The world record came in the 100. Yale's Rex Aubrey, who had not been able to swim for ten days prior to last Wednesday because of a cold, flashed to a stupendous 49 seconds flat, breaking the old world mark by two tenths of a second.
This race was amazing in another respect: for the first time in this country, three swimmers broke 50 seconds for the 100 in a dual meet. Chouteau Dyer of the Crimson and Sandy Gideonse of Yale each were timed in 49.7. The judge for second place picked Dyer, but so did the third place judge. The second-place judge's decision, according to all rules, should have carried. Somehow, it didn't, and Gideonse got second place.

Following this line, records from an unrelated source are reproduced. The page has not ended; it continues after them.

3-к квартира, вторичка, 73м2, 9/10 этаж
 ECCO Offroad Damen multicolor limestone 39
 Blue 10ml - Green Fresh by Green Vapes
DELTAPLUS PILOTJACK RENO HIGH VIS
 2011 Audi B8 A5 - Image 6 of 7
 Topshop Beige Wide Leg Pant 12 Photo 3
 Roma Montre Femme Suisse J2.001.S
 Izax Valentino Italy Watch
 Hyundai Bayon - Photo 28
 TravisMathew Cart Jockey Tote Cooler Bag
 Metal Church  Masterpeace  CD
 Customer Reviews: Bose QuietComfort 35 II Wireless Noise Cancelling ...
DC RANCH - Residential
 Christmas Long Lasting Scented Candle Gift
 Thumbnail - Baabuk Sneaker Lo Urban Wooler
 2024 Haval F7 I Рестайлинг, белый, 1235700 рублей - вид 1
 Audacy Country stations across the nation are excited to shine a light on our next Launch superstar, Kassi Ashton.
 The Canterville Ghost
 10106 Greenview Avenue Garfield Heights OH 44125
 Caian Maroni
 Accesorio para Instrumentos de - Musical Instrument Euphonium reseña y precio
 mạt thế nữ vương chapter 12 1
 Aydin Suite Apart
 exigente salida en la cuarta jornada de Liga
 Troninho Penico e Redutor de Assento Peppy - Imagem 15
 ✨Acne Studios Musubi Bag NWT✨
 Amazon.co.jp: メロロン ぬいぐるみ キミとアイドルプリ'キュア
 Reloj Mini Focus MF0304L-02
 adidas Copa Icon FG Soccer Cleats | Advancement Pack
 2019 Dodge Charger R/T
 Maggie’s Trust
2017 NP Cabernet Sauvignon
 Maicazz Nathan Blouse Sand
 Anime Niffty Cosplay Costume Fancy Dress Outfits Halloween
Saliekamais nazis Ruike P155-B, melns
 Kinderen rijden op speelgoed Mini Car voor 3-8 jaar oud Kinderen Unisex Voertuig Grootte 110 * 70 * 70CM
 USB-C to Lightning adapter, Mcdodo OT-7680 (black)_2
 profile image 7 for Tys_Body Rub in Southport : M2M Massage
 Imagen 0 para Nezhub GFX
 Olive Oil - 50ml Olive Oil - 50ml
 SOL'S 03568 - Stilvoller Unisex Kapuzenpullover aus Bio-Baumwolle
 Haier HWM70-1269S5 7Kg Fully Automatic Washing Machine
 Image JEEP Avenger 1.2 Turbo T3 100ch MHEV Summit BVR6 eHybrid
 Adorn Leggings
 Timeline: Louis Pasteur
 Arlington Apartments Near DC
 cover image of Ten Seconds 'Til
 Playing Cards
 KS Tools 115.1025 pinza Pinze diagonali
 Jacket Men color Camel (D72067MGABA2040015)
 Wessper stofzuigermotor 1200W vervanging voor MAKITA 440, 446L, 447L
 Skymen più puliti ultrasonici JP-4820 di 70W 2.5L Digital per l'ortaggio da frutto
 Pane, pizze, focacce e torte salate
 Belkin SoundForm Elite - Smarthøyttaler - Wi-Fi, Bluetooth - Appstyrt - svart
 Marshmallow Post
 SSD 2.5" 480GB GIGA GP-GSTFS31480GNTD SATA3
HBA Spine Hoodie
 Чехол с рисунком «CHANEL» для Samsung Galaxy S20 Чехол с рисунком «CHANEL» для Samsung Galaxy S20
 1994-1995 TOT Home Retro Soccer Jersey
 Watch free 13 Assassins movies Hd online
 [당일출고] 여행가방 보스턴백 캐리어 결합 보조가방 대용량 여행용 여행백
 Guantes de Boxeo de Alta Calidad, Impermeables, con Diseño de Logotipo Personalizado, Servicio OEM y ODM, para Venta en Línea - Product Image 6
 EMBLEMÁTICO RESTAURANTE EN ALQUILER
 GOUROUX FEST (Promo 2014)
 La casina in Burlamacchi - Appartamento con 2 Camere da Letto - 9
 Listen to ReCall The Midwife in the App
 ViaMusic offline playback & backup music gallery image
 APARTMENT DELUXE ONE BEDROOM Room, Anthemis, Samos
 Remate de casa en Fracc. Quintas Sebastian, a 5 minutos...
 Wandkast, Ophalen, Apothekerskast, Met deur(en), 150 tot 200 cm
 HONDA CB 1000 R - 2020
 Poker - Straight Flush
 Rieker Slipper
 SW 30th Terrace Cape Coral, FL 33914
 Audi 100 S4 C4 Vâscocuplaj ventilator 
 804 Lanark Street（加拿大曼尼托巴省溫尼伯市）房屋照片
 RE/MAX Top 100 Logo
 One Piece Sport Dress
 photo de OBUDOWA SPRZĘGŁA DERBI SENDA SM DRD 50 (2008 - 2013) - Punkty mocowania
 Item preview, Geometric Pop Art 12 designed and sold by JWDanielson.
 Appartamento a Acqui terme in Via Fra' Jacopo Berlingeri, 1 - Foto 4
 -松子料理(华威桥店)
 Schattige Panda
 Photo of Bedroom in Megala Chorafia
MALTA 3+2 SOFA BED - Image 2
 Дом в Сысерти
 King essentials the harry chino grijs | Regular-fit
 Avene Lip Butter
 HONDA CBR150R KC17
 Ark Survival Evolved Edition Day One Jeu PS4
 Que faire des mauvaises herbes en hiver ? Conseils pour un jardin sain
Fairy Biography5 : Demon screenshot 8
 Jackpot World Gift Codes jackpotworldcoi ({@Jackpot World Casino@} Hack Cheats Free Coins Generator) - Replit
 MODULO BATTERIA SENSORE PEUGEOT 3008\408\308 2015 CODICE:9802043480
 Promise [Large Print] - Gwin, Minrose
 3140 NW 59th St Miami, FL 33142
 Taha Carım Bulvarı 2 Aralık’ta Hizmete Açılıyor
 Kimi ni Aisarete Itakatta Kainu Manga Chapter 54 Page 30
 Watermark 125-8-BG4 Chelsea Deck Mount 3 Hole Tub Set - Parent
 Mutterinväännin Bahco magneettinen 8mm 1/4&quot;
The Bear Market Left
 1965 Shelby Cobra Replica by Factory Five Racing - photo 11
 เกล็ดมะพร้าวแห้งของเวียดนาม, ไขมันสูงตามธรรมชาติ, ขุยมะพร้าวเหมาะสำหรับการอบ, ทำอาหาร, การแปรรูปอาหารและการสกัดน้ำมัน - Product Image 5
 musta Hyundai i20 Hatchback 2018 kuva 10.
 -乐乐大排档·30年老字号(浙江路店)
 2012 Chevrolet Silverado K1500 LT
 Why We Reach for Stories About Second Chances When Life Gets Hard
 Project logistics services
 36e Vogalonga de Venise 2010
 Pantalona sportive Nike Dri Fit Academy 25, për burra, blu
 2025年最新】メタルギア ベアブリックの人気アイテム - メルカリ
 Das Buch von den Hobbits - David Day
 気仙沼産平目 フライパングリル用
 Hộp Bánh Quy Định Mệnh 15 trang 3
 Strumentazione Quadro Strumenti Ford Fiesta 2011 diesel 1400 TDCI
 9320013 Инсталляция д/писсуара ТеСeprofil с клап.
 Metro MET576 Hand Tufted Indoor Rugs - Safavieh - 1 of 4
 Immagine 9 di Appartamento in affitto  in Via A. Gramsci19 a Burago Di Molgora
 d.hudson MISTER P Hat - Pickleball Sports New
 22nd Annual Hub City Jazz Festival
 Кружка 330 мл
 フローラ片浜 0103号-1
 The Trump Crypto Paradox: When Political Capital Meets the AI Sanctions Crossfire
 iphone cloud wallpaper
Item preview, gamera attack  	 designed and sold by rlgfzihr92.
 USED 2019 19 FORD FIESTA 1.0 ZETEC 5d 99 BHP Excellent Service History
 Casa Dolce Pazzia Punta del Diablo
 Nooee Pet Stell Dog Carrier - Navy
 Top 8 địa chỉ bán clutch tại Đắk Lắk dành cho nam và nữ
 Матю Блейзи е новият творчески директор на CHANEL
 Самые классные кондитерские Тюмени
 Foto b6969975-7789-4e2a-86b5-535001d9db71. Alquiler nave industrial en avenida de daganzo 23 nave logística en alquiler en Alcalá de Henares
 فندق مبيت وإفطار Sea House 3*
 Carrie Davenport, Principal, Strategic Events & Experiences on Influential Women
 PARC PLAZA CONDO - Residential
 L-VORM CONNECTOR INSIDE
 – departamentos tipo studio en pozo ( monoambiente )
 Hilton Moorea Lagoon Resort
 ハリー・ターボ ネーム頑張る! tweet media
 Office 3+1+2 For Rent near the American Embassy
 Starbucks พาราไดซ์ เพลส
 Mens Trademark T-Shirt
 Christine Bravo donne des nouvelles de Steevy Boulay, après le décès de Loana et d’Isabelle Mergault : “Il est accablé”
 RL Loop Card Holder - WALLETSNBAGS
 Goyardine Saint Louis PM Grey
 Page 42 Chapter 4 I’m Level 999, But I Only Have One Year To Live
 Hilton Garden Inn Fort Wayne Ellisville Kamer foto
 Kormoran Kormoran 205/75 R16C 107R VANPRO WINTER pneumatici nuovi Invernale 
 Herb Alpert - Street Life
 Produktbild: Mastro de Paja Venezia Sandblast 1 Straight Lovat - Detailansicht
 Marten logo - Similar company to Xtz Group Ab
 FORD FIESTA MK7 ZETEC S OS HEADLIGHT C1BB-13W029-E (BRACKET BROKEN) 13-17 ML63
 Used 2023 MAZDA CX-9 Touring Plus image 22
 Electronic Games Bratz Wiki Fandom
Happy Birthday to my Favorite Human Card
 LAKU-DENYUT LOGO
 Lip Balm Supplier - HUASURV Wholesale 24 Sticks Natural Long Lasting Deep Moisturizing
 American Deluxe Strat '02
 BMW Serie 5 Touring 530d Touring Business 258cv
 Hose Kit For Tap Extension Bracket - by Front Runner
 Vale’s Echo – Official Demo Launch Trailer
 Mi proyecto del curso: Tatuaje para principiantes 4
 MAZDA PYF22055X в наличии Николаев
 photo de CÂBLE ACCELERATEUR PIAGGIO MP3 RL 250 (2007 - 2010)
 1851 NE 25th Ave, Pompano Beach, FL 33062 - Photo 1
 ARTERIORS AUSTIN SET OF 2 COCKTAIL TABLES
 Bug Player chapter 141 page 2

Dyer's time in the 100 was good enough to have won any national intercollegiate meet ever held, let alone being the fastest ever swum by a Crimson representative.
The knife-like junior also tied his own Crimson mark for the 50 this afternoon, sprinting to a 22.4. But again, against the amazing Blue this superior time was good enough for only a third place. Dyer once more pushed Aubrey and Gideonse to the peak performances of their careers, as Aubrey tied the Yale and Yale pool record with a 22.2.
Captain Jim Jorgensen was the only Crimson swimmer to take a first place. He took two, breaking a pair of his own Crimson records in the process and establishing himself clearly as the best middle-distance man in the East.
Jorgensen outdistanced the field in both the 220 and 440. He covered the former in 2:07.2, cutting three tenths of a second off the mark he established last week, and the latter in 4:40.5, three full seconds under the record he set in the Yale meet a year ago.
Hawkins bettered his Crimson mark in the breaststroke, but the competition again exceeded itself. Deed Hardin set a 2:11.8 Yale and Yale pool individual medley record to edge Hawkins by half a length, and Bill Fleming won the breast-stroke in 2:28.7 to Hawkins' 2:31. Sigo Falk was a close third in the latter race.
In the dive, Yale showed it had improved more than the Crimson since last March. Greg Stone, who beat the Elis' Doug Starkweather in the freshman meet last year, lost in today's varsity competition. Clint Hayne surprised by taking second for the Blue.
Yale also won the freshman meet, 49 to 35. Bill Murray took the 200-yard individual medley for the Yardlings in 2:26.7, Frank Gorman copped the dive, and John Trainer, Gorman, Ed Walsh, and Dick Seaton fashioned a 3:46.8 to take the final relay.